• _WORK TO COMPLETE_
Write out exactly the lines below starting at the one containing "電動機、吹風(fēng)機接" and ending at the one containing "custom 3000W silicone". Omit every picture.

• _AVAILABLE RECORDS_
= Beginning of Section =

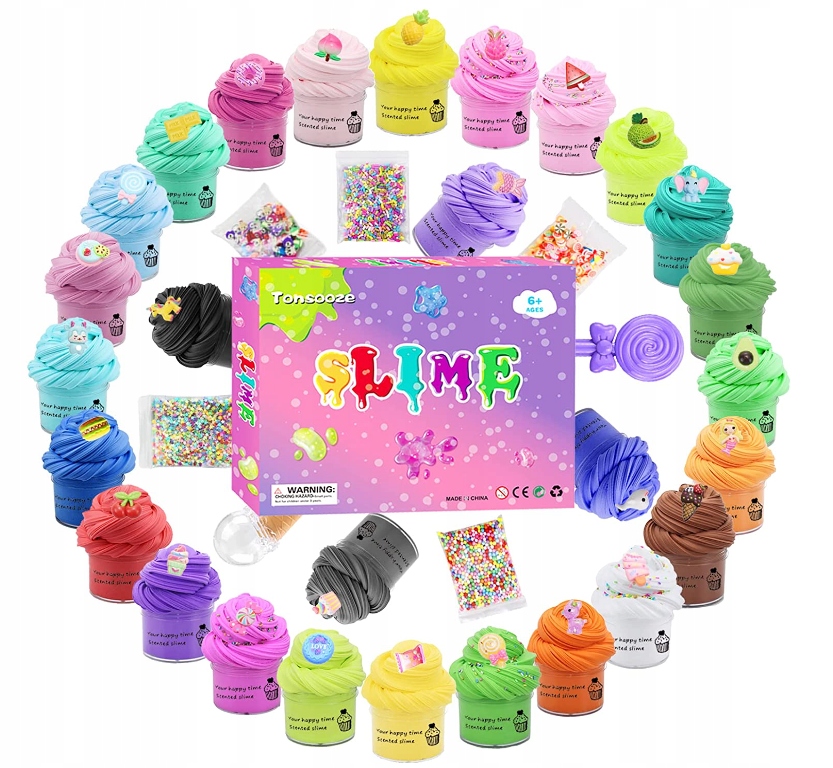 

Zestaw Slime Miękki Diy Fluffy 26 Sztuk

= End of Section =
= Beginning of Section =

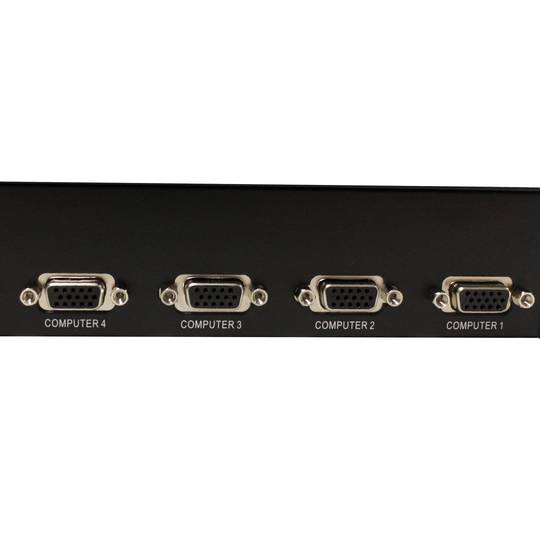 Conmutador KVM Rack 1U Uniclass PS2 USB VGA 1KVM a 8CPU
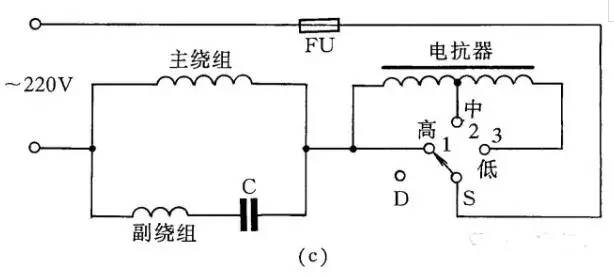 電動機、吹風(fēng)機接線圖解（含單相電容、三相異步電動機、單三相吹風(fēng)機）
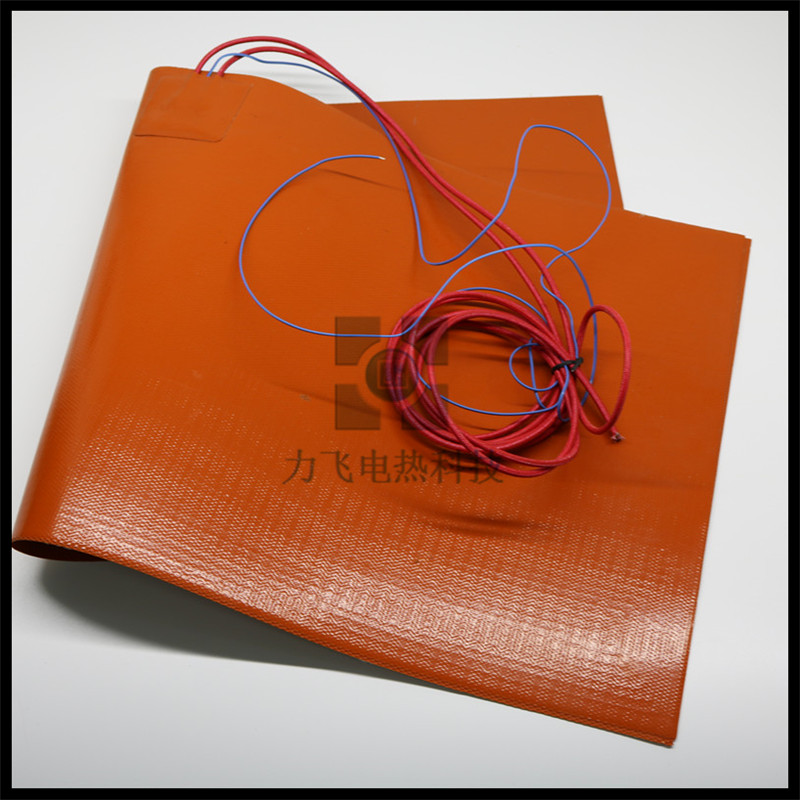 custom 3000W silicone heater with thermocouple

= End of Section =

• _TASK ANSWER_
 電動機、吹風(fēng)機接線圖解（含單相電容、三相異步電動機、單三相吹風(fēng)機）
 custom 3000W silicone heater with thermocouple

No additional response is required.